Current implementation of of cusolver-lu module already works with the data on the device. It requires minimal modification to its current code to enable receiving data at HiOp specified memory space. I suggest we work directly with hiopLinSolverSymSparseCUSOLVER class. Going around with a derived class seems unnecessary.

cnpetra · 2023-03-06T17:30:50Z

This looks very good and is a sound way to enable GPU-resident optimization with sparse linear algebra.

I am not sure if using inheritance CUSOLVERGPU -> CUSOLVER is the best approach here, even if this is just a temporary solution as @nychiang suggests. It will lead to a lot of duplicate code, which we will need to remove later on.

Current implementation of of cusolver-lu module already works with the data on the device. It requires minimal modification to its current code to enable receiving data at HiOp specified memory space. I suggest we work directly with hiopLinSolverSymSparseCUSOLVER class. Going around with a derived class seems unnecessary.

this PR is supposed to only take care of GPU porting up to the linear solver(s). cuSolver was somehow chosen arbitrarily, just to ensure the rest of the kernels run fine. The porting of linear solvers is a bit more involving and better to be done later on.

cnpetra · 2023-03-07T02:46:45Z

this PR looks great. How do you want to proceed re: PR #589 ? Which one to merge first?

cnpetra · 2023-03-07T02:47:59Z

maybe also merge develop in this.

also PNNL CI is not passing.

nychiang · 2023-03-07T04:10:36Z

maybe also merge develop in this.

also PNNL CI is not passing.

I tried to remove all the member objects from RAJA, but it still fails marianas. Not sure which part fails it.
Since I haven't figure out this problem, I think we can merge #589 first.

pelesh · 2023-03-08T08:58:02Z

src/LinAlg/hiopLinSolverSparseCUSOLVER.cpp

+    hiopMatrixSparse* swap_ptr = M_;
+    M_ = M_host_;
+    M_host_ = swap_ptr;


If sparse matrix is implemented correctly, you really should not have to do this. The matrix class needs to provide both, the device data and the host mirror, as well as methods to sync the two.

hiopMatrixSparse has only got one member function M() to access its data, while hiopMatrixRajaSparseTriplet has accessors M() and M_host() for the data on host and device to see here.

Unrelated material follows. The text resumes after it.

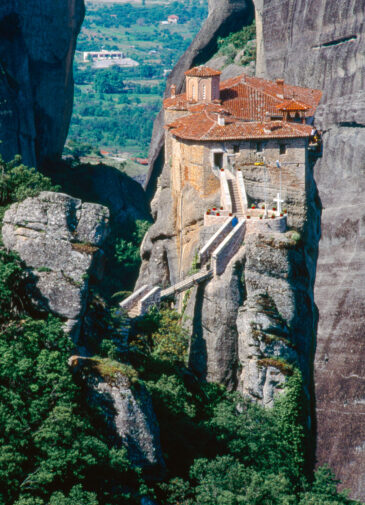 Meteora is a collection of monasteries in the centre of mainland Greece. In a region of almost inaccessible sandstone peaks, monks settled on these “heavenly columns” from the 11th century onwards. Twenty-four of these monasteries were built, despite incredible difficulties, at the time of the great revival of the hermitic ideal in the 15th century.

However, the problem is that previously sparse solver only works on cpu and hybrid. It assumes the KKT matrix M_ is always on host and has type of hiopMatrixSparseTriplet. Therefore in the existing implementation of hiopLinSolverSparseCUSOLVER.cpp, there are many places use host data `M_->M()' and then transfer it to device (for hybrid usage).
(for example, see here). The current implementation cannot directly work with matrix on device.

If we want to use the existing hiopLinSolverSparseCUSOLVER without adding a new wrapper class, I need to dynamic_cast M_ to type of hiopMatrixRajaSparseTriplet first, sync the data, and change M_->M() to M_->M_host() in couple of places. This seems more works than adding a new wrapper class.

As a result, we think creating a new wrapper class can minimize the changes to your code, and easier to remove them once the linear solver can support data on device.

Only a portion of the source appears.